There are some times of day in which traffic in central Zagreb is too congested and hostile to take the tram. Just walk, or go to a cafe and wait. The trams in Zagreb, you see, run on lines that are on the street - the street and the trams share lanes - too much activity. And central Zagreb, or even its surroundings were not built to handle the traffic - the amount of people and cars - on them today. They were built in the 1970s and early 1980s when not everyone had a car. When, in the 80s, some license plate numbers were allowed to drive on some days and not on others. And now, everyone in Zagreb wants, perhaps needs, a car to get around. The city is spread out. And this traffic is not just to move through, or to and from, the suburbs, but to and from, and within the city center.
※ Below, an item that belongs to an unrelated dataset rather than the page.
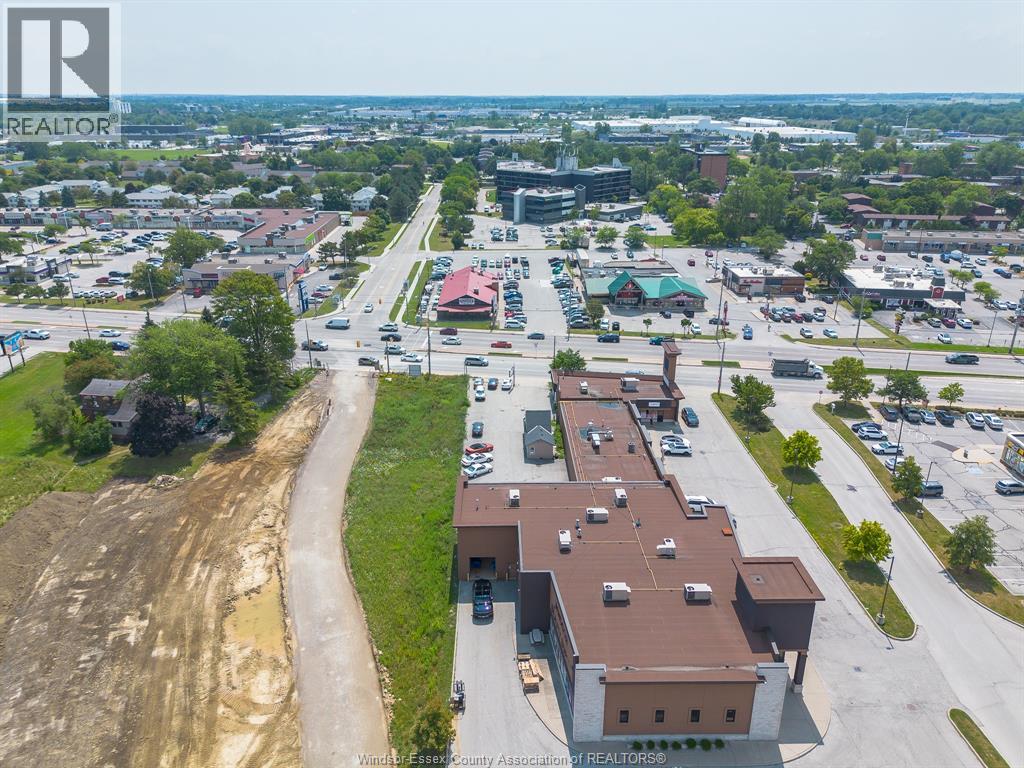 Photo 8 of 6642 Tecumseh Road East, Windsor ON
It moves slowly.
It is nice to have a car, especially if that is the only big luxury you can afford. The luxury is not simply owning the car, or moving your body around the city, fast, but the experience of driving versus riding in the tram car. Even if the traffic in Zagreb is congested, and grates on the nerves, at least, in your car, you do not have to ride with the hoi poi. Sometimes, what I see and experience on the tram is disturbing.
I saw a married pair with a child, who must have been about age 3. I was with my Aunt, aged about 70, from a Zagreb of another time and place. The summer, sunny and hot, at least tram 11 now has the modern cars with air conditioning. We smelled this pair more than we saw them or shared space with them. The mother nursed her three year old on the tram. They were talking a language I could not understand, loudly. My Aunt was shocked and gave me such a look. Not fear of personal safety as you might have as a typical emotion in the USA from seeing something so unusual in public. But, what is this world, this place, this society, coming to, and where is it going? Not confusion, but shame and frustration.
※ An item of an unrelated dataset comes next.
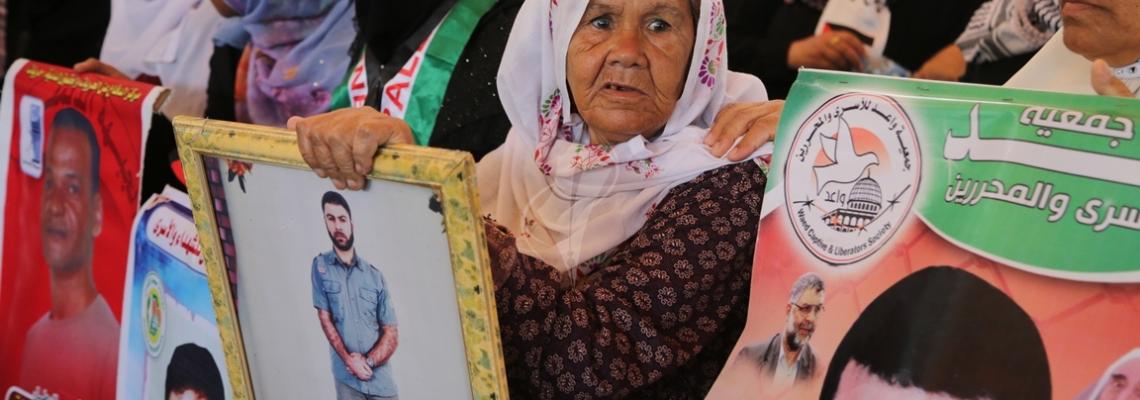 بالصور :اعتصام اهالى الاسرى وقفة دعم واسناد الاسرى المضربين عن الطعام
I see many old women fight to get on and off the tram, fight for seats, I think I learned some of this from them, to use in other situations. But still, why do they fight, why are people not acceding to them? Wouldn't that be nice? And the general anxiety of that. The younger generation, I see them when I am traveling to and from the University, seems less anxious this way, they are socializing, gossiping through text messages or on the phone.
Then, there is the phenomenon of the ticket controllers. Very embarrassing to be caught, not worth it. Anyway, people who are there and not paying into the system should at least may their tram ticket. I once told an American who was a diplomat posted there and riding the tram with me and not paying a ticket.